DATA SECTION:
*** Block opens ***

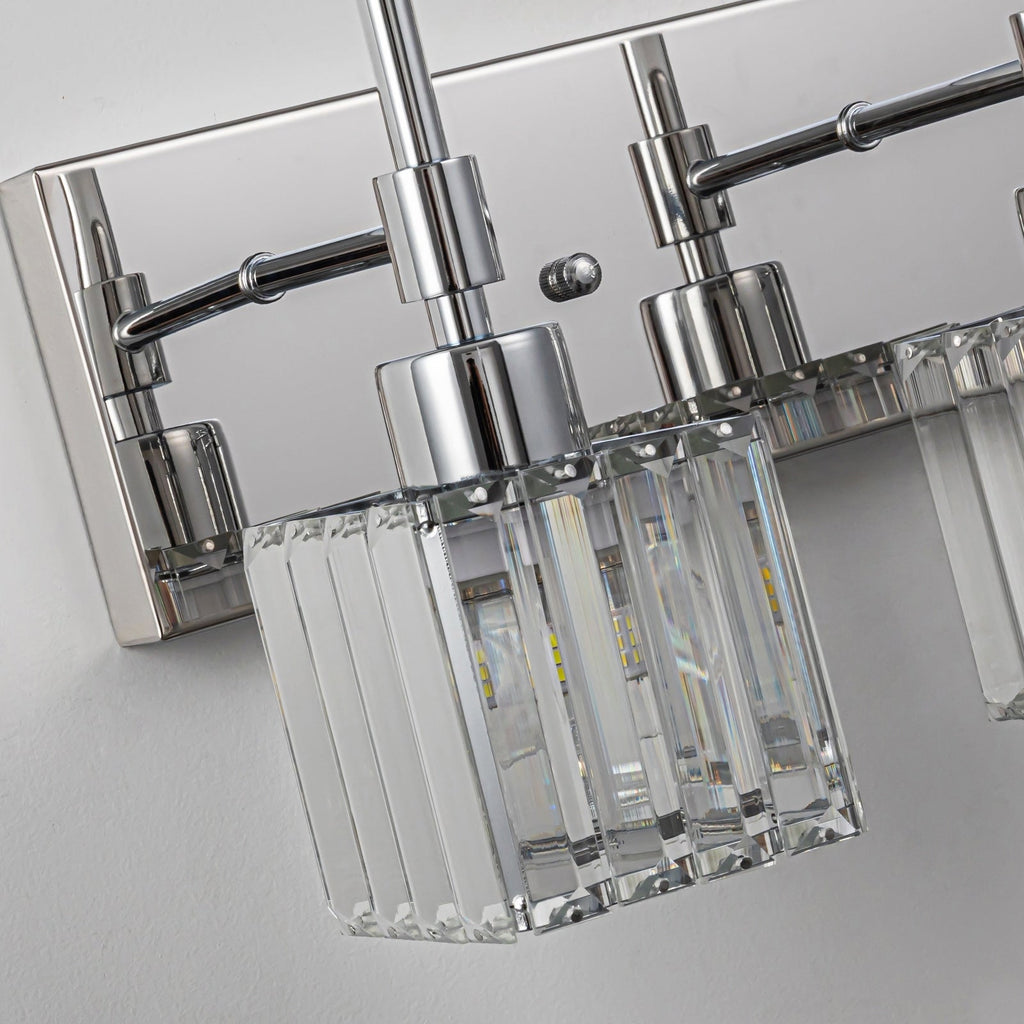 Ora Modern, lampade da bagno in cristallo dimmerabili sopra lo specchio, luci glamour per il bagno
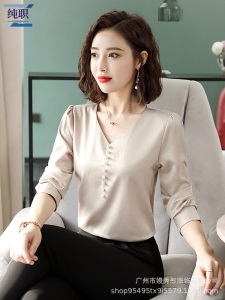 职业长袖2019秋季韩版v领上衣小心机港风白衬衫女设计感小众衬衣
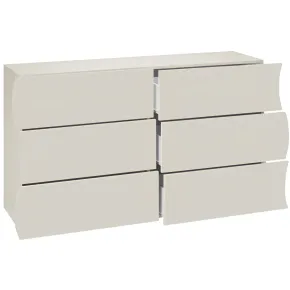 Cassettiera Madia 6 Cassetti 150 cm Legno Beige Cachemire Salone 2
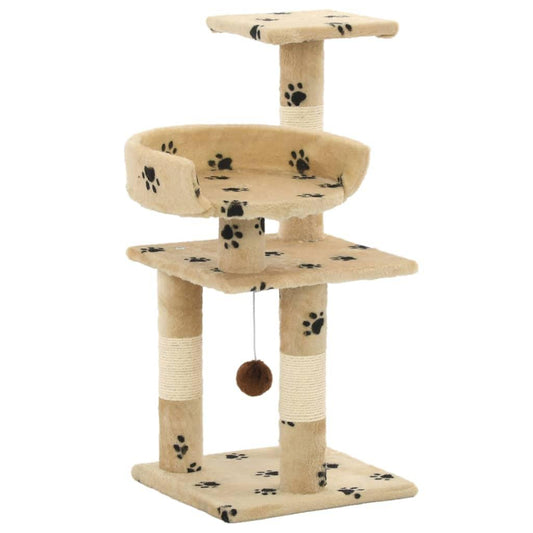 Arbre à chat et griffoirs en sisal 65 cm Beige Motif de pattes - Animalerie en ligne Kat-Shop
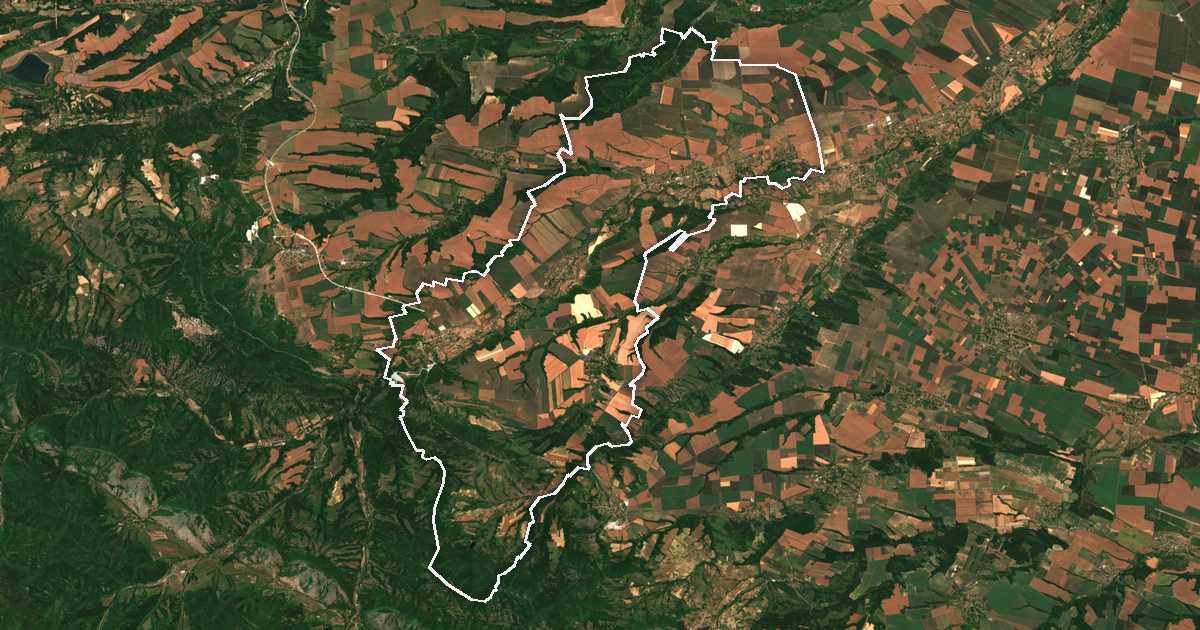 Imagen de satélite con el límite trazado: Ruzhintsi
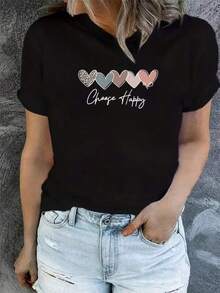 1 Piece Unisex Loose Fit T-Shirt 180g 100% Pure Cotton, Unique Choose Happy T-Shirt With Heart Design Fashion Y2K Ideal To Show Your Style And Positivity Perfect For Any Occasion In Mexico. Ideal For Daily Wear, Festivals, Concerts And All Seasons - 黑色 - 查看 1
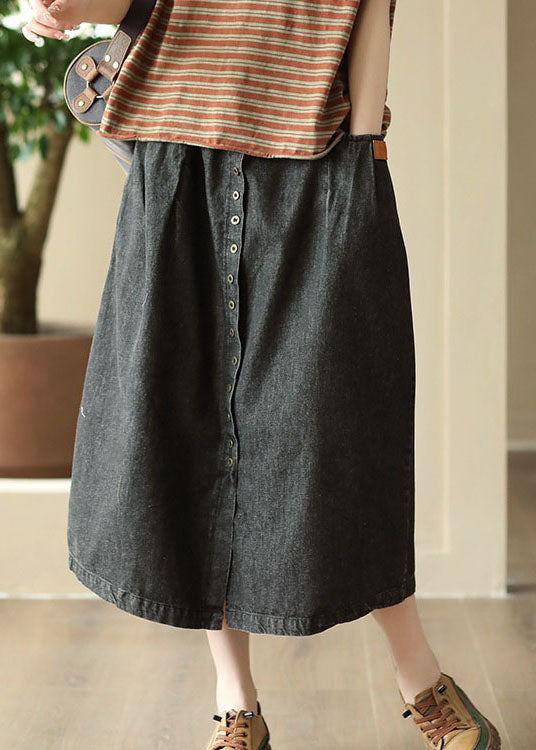 DIY Black Wrinkled Pockets Elastic Waist Patchwork Denim Skirt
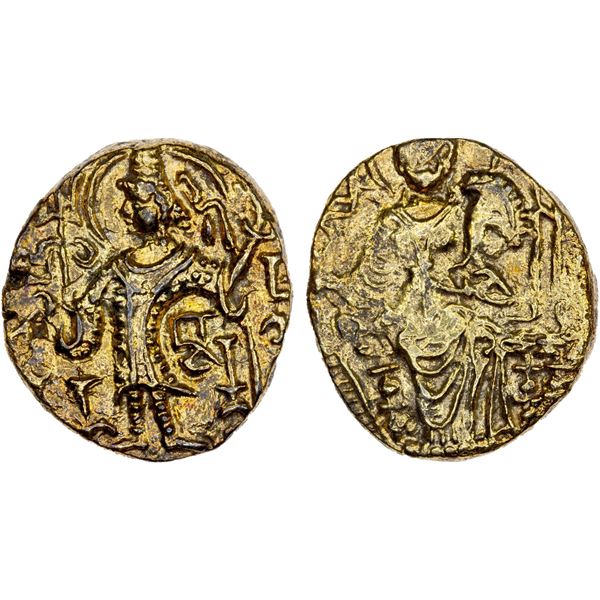 KUSHAN: Kipunada, ca. 350-375, debased AV dinar (6.76g), Choice VF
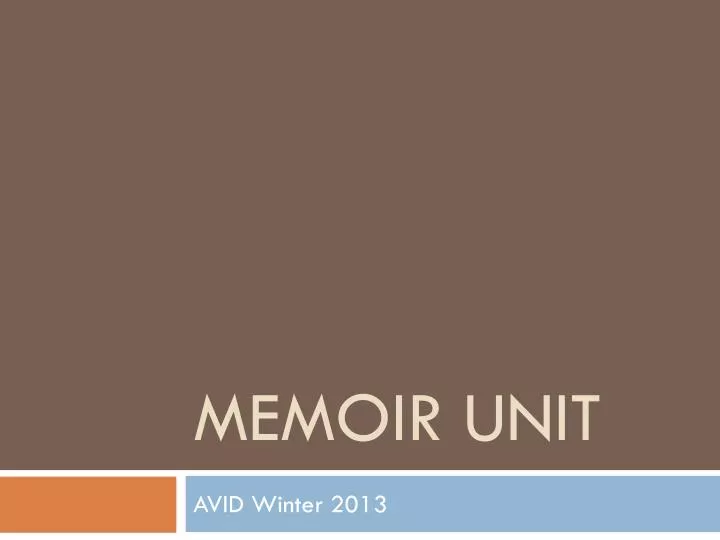 memoir unit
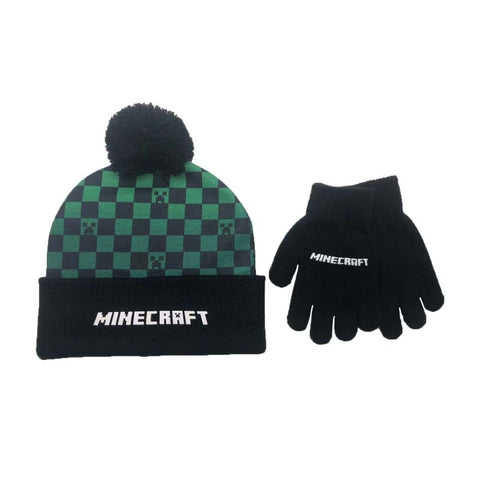 MINECRAFT - YOUTH BEANIE AND GLOVE SET BLACK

*** Block closes ***

Everything from the line containing "Imagen de satélite" through the end of the data should be printed exactly, line for line, except the pictures.

ANSWER TO THIS EXERCISE:
 Imagen de satélite con el límite trazado: Ruzhintsi
 1 Piece Unisex Loose Fit T-Shirt 180g 100% Pure Cotton, Unique Choose Happy T-Shirt With Heart Design Fashion Y2K Ideal To Show Your Style And Positivity Perfect For Any Occasion In Mexico. Ideal For Daily Wear, Festivals, Concerts And All Seasons - 黑色 - 查看 1
 DIY Black Wrinkled Pockets Elastic Waist Patchwork Denim Skirt
 KUSHAN: Kipunada, ca. 350-375, debased AV dinar (6.76g), Choice VF
 memoir unit
 MINECRAFT - YOUTH BEANIE AND GLOVE SET BLACK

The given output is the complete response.